**Action item**
Only the text of the entries below should be returned, exactly as given, without pictures.

**Supplied data**
Segment Open

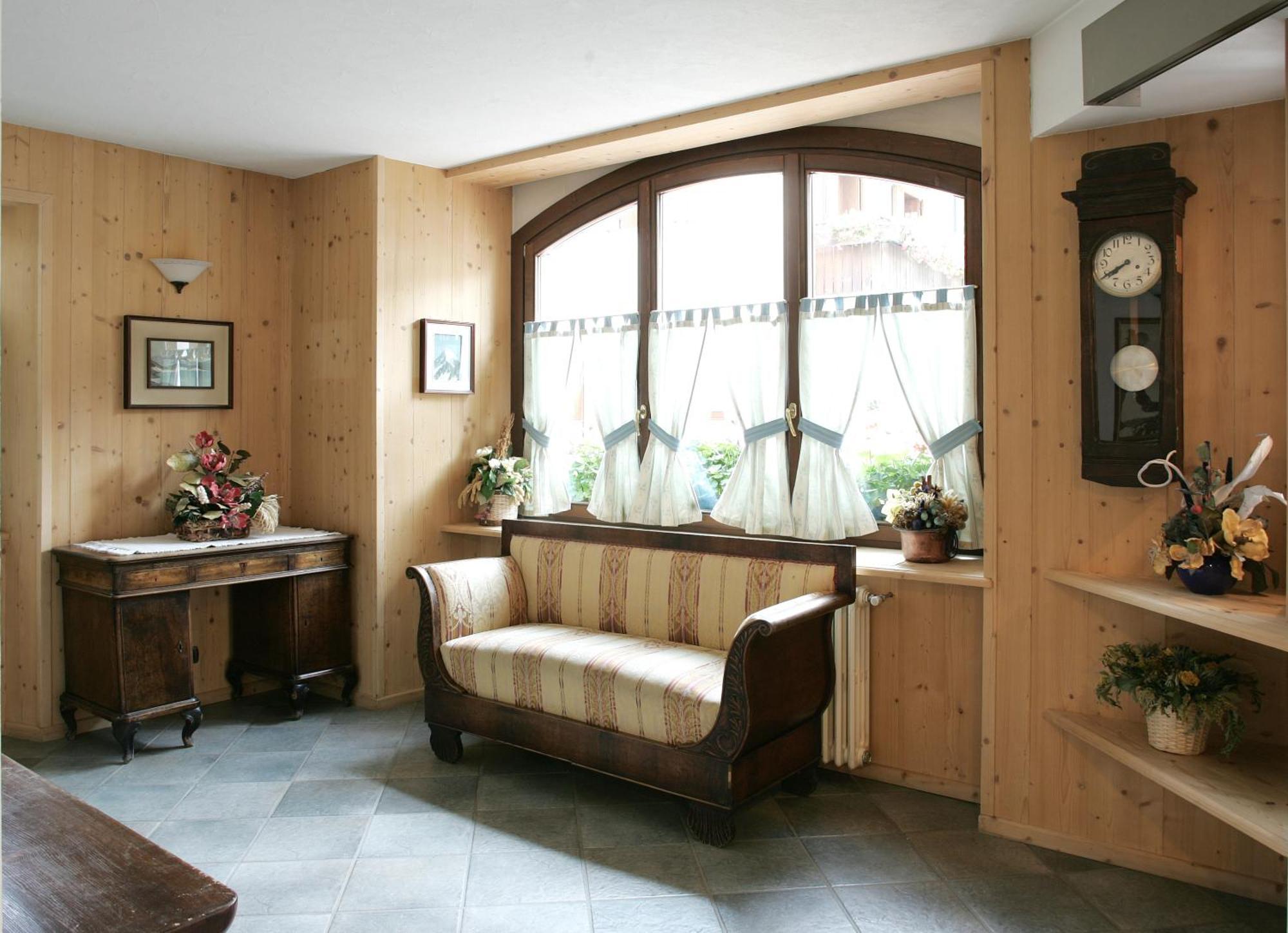 Hotel Compagnoni ซานตา กาเตรีนา วัลฟูร์วา ภายนอก รูปภาพ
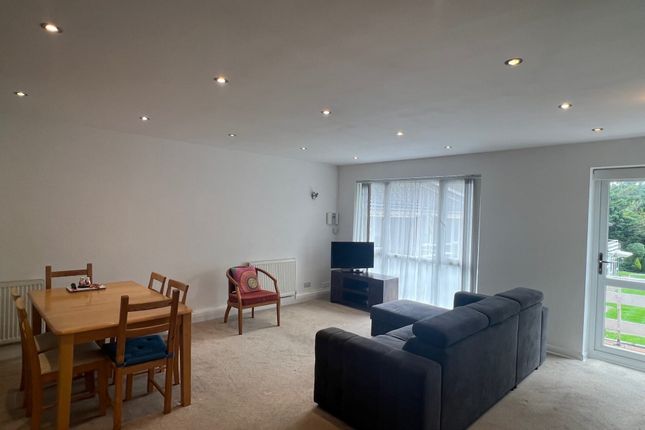 Maisonette to rent in White House Drive, Stanmore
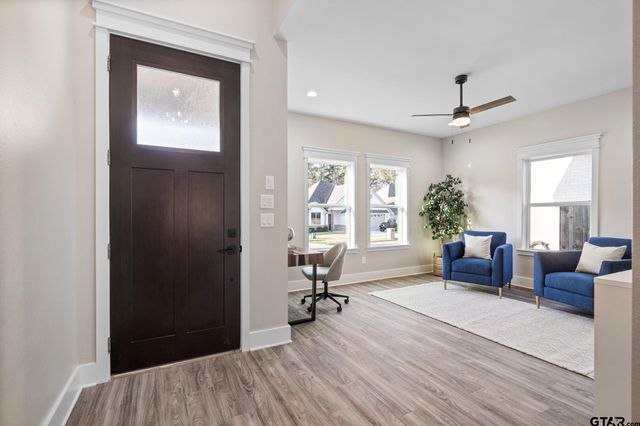 9120 Long Branch Dr, Tyler, TX 75703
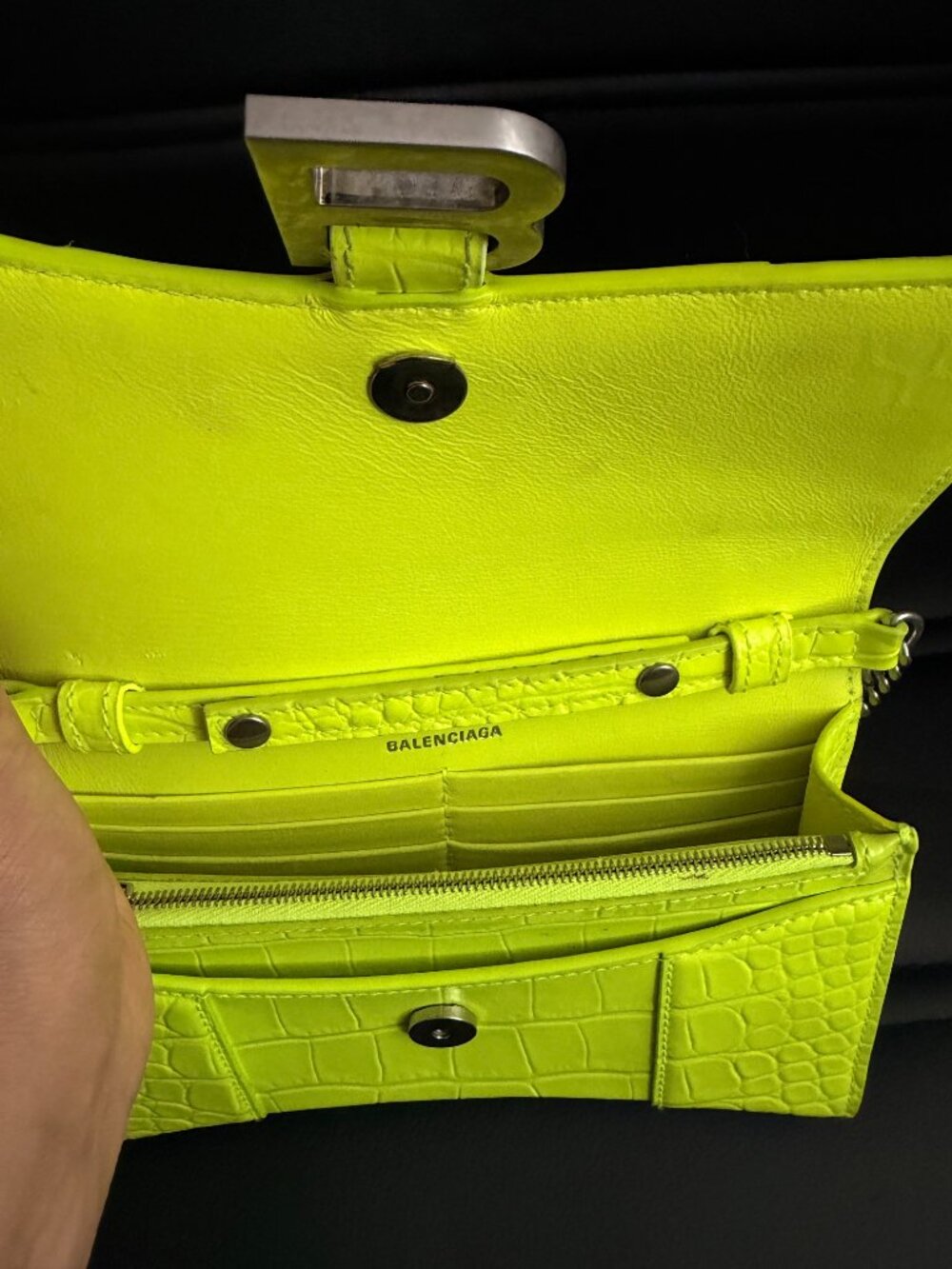 Balenciaga Hourglass Wallet On Chain - Picture 7 of 12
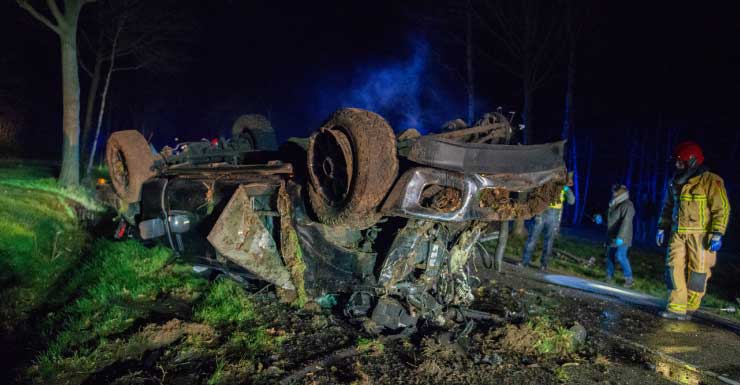 Homem morre após caminhonete ficar no ar e capotar em vala com água na I-95 em Volusia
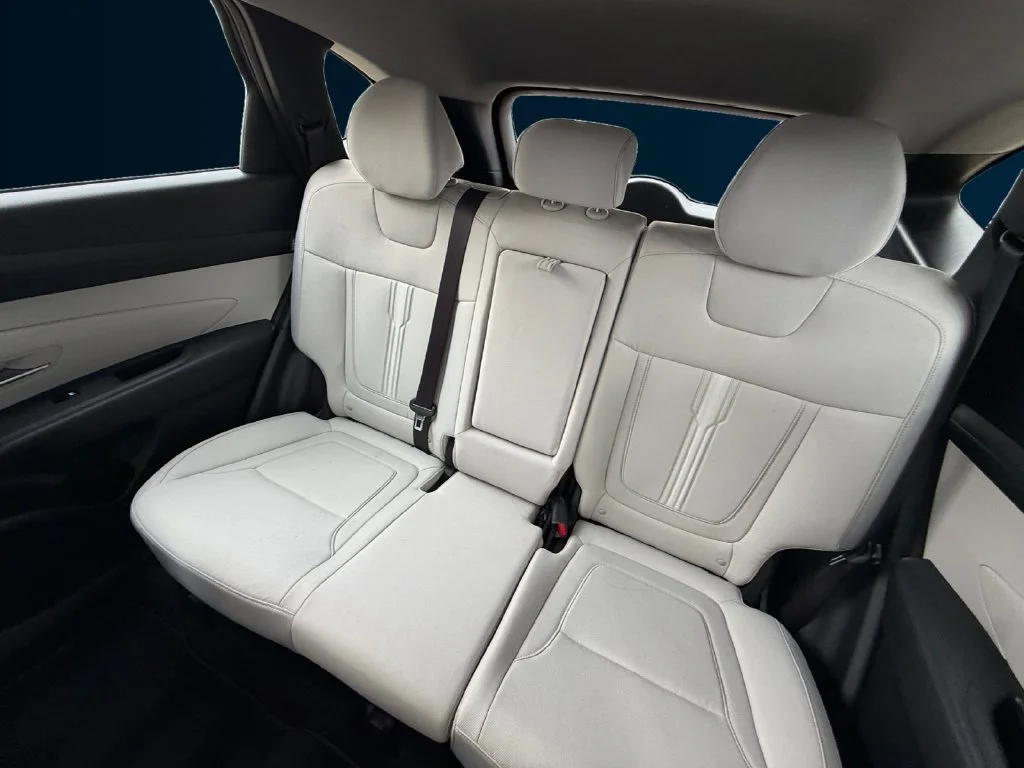 Used 2025 Gray Hyundai SEL image 16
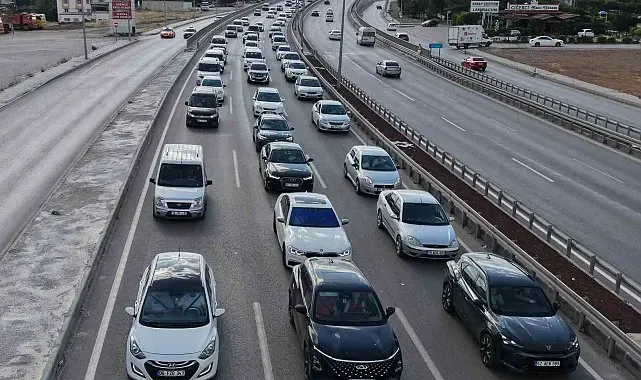 43 ilin bağlantı noktasında yaz tatili hareketliliği: Kaza trafiği durma noktasına getirdi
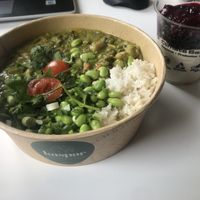 Warme Bowl. Auch in Wiederverwendbarer Verpackung möglich .  at Kaspar Schmauser in Furth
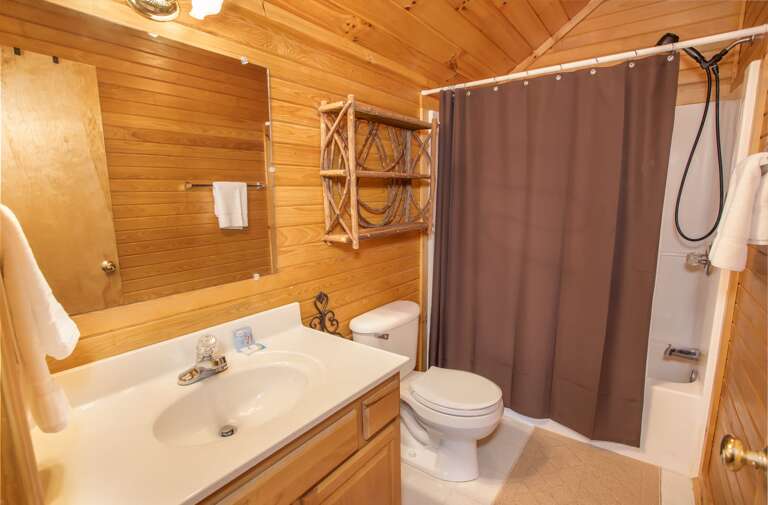Ensuite Bathroom for King Suite Ensuite Bathroom for King Suite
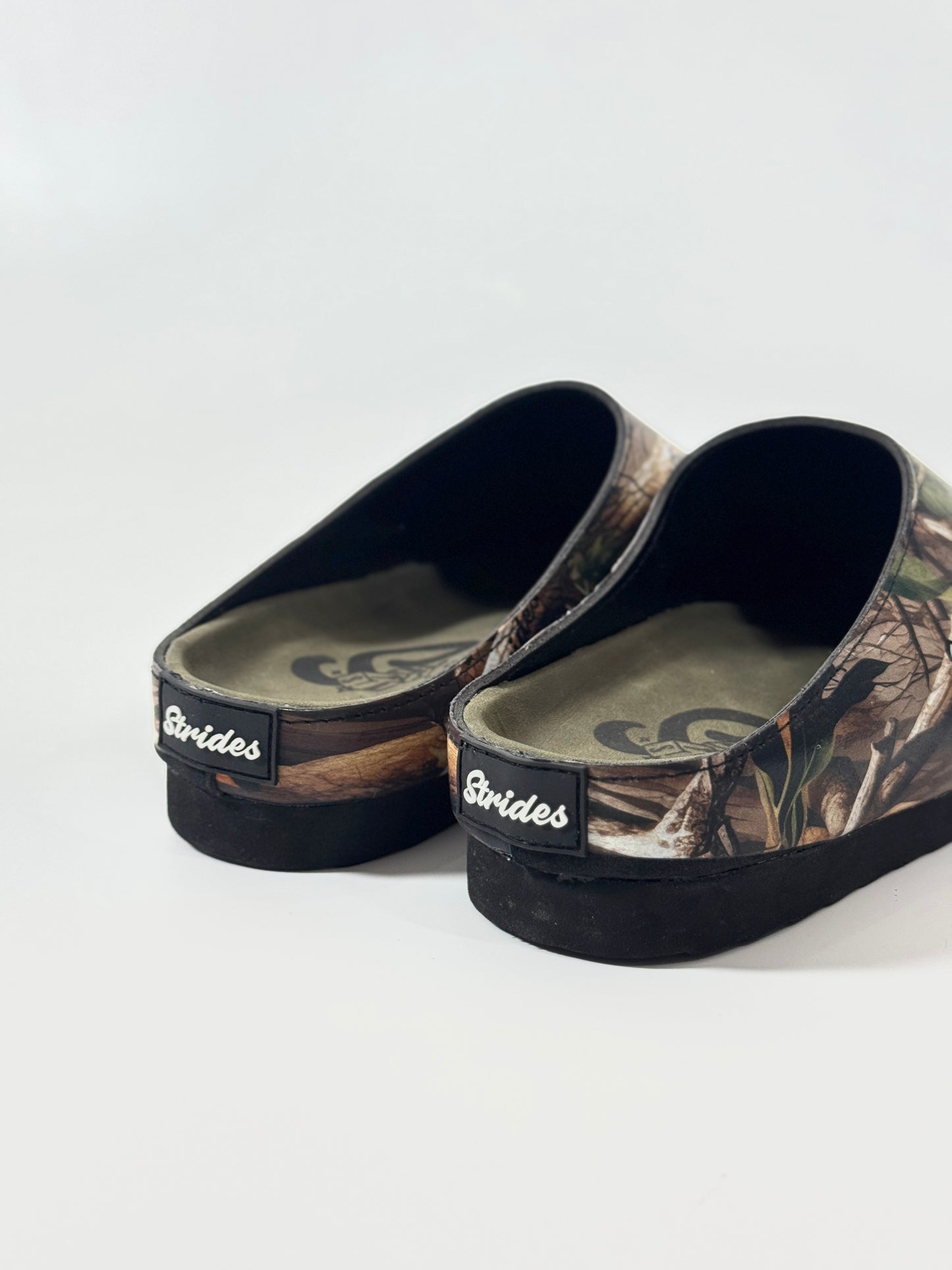 Strides "Realtree" Premium Clogs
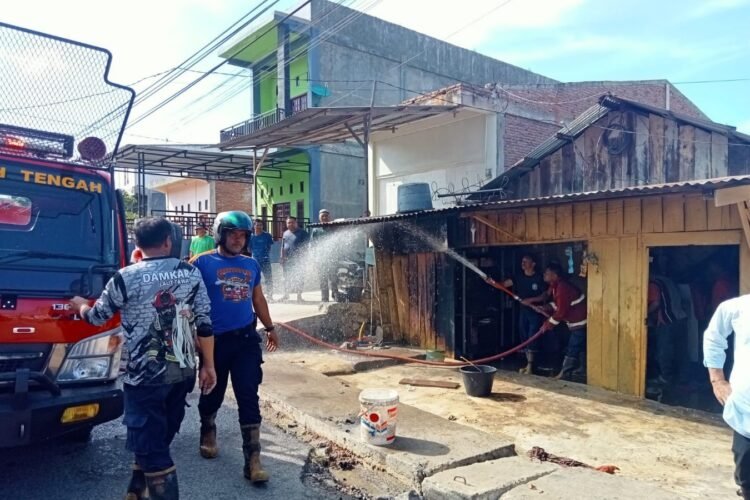 Kios Kelontong di Mes Time Ruang Terbakar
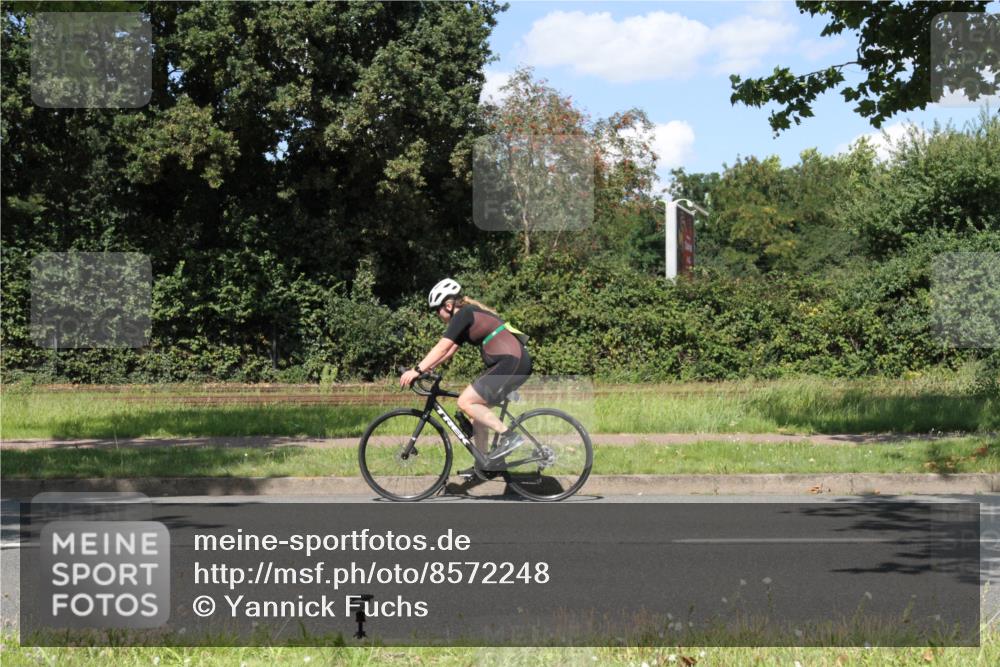 10.08.2025 - GEWOBA Citytriathlon Bremen Yannick Fuchs http://msf.ph/oto/8572248 10.08.2025 14:52:42 Radfahren 329, 347, 378, 459, 469 meine-sportfotos.de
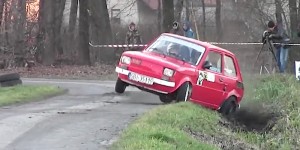 Rallye en Fiat 126 ! Les plus grosses burnes de l'année !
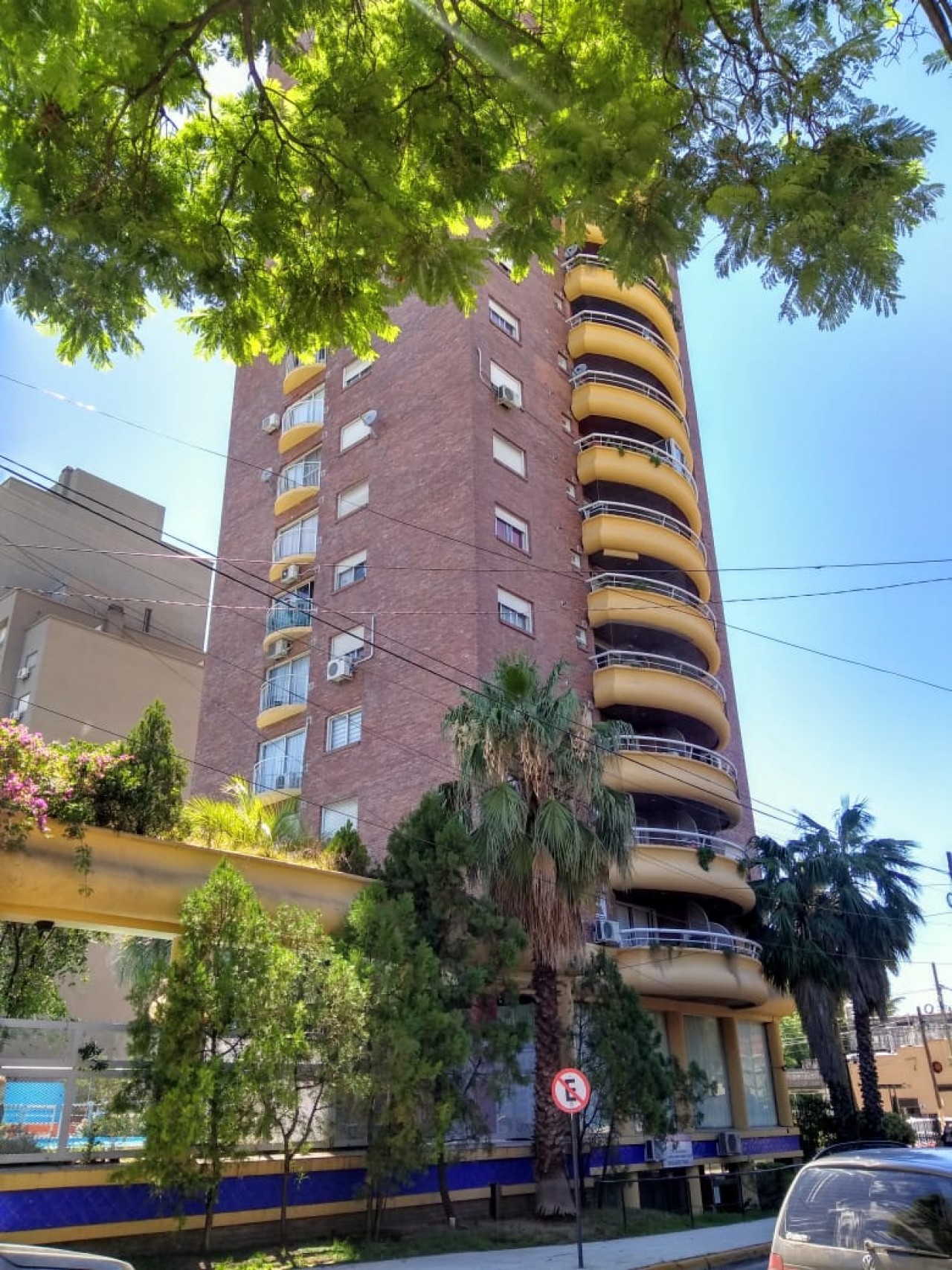 VENTA COCHERA  CUBIERTA EDIFICIO BARCELONA III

Segment Closed

**Exercise response**
 Hotel Compagnoni ซานตา กาเตรีนา วัลฟูร์วา ภายนอก รูปภาพ
 Maisonette to rent in White House Drive, Stanmore
 9120 Long Branch Dr, Tyler, TX 75703
 Balenciaga Hourglass Wallet On Chain - Picture 7 of 12
 Homem morre após caminhonete ficar no ar e capotar em vala com água na I-95 em Volusia
 Used 2025 Gray Hyundai SEL image 16
 43 ilin bağlantı noktasında yaz tatili hareketliliği: Kaza trafiği durma noktasına getirdi
 Warme Bowl. Auch in Wiederverwendbarer Verpackung möglich .  at Kaspar Schmauser in Furth
Ensuite Bathroom for King Suite Ensuite Bathroom for King Suite
 Strides "Realtree" Premium Clogs
 Kios Kelontong di Mes Time Ruang Terbakar
 10.08.2025 - GEWOBA Citytriathlon Bremen Yannick Fuchs http://msf.ph/oto/8572248 10.08.2025 14:52:42 Radfahren 329, 347, 378, 459, 469 meine-sportfotos.de
 Rallye en Fiat 126 ! Les plus grosses burnes de l'année !
 VENTA COCHERA  CUBIERTA EDIFICIO BARCELONA III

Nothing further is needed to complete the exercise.